Zeitungsartikel NW, 30. September 1988 Warburg-Nörde (man).
Wir veröffentlichen den Artikel hier im Wortlaut:
Bei Podiumsdiskussionen in Hardehausen und Haarbrück wurde am Sonntag noch einmal die schwierige Lage des Nährstandes hervorgehoben. Der Strukturwandel, ein beschönigendes Wort für das Ausscheiden vieler Betriebe aus der Produktion dargestellt. Beispielhaft soll zum Erntedank 1988 ein Hof herausgestellt werden, der sich schon seit Jahren in einer – ökologischen – Nische bewegt, der Bioland-Hof Hartmann in Nörde.

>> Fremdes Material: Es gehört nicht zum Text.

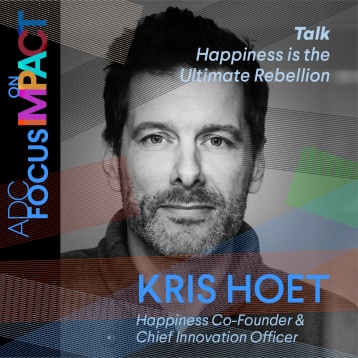 Anu Niemonen, Kris Hoet şi Conn Bertish pe scena „ADC Focus on Impact”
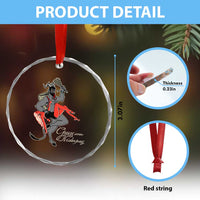 Funny Christmas Gruss Vom Krampus Crystal Glass Ornament TS09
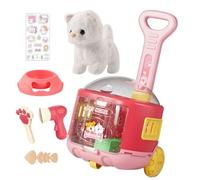 Juguetes genéricos para el tema de los animales - Animal interactivo hablando y caminando,Figuras de peluche de animales realistas para juego de imitación de cumpleaños bebé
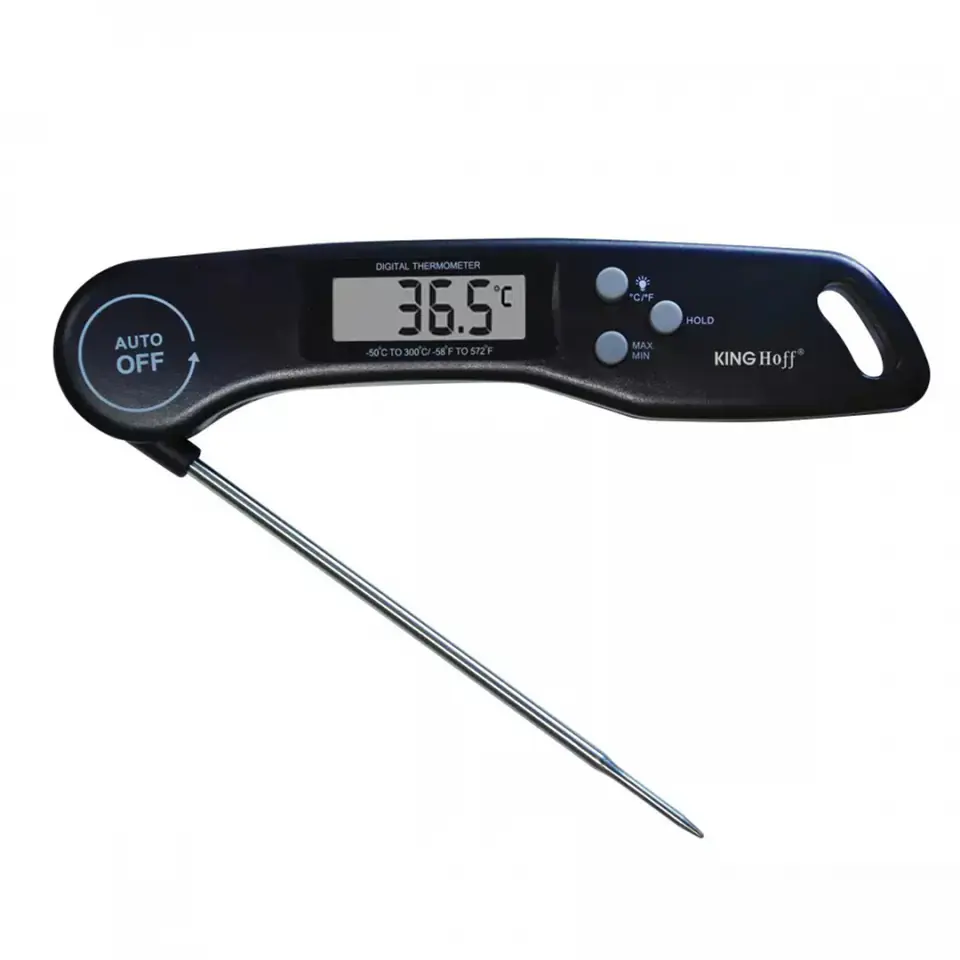 ⁨TERMOMETR KUCHENNY SZPILKOWY LCD KINGHOFF KH-1669⁩ w sklepie Wasserman.eu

Der „Finnenberg-Hof“ existiert seit Herbst 1984 in der „biologischen“ Form. Erwin Hartmann, der im konventionellen Landbau gelernt hat, hat den elterlichen Hof, der über Jahre nicht mehr bewirtschaftet wurde, gleich mit der Zielsetzung übernommen, künftig auf Chemie zu verzichten. Chemische Schädlings- und Unkrautbekämpfungsmittel wie auch Kunstdünger sind in den verbindlichen Bioland-Richtlinien strikt untersagt. Wer gegen diese eherne Regel verstößt, wird aus dem Verband geworfen und darf seine Waren nicht mehr unter dem Gütesiegel verkaufen.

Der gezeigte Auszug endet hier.